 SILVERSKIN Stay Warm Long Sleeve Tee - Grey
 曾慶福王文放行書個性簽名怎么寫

==

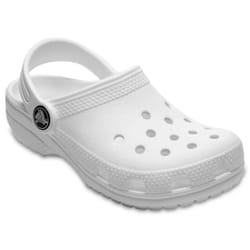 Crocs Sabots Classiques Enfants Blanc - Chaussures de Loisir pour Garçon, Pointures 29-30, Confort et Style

AIM OF THE TASK
From the listing above, return the lines starting at the one with "SILVERSKIN Stay Warm Long Sleeve Tee - Grey" and ending at the one with "曾慶福王文放行書個性簽名怎么寫", both kept, exactly as they appear and nothing more.

SOLUTION
 SILVERSKIN Stay Warm Long Sleeve Tee - Grey
 曾慶福王文放行書個性簽名怎么寫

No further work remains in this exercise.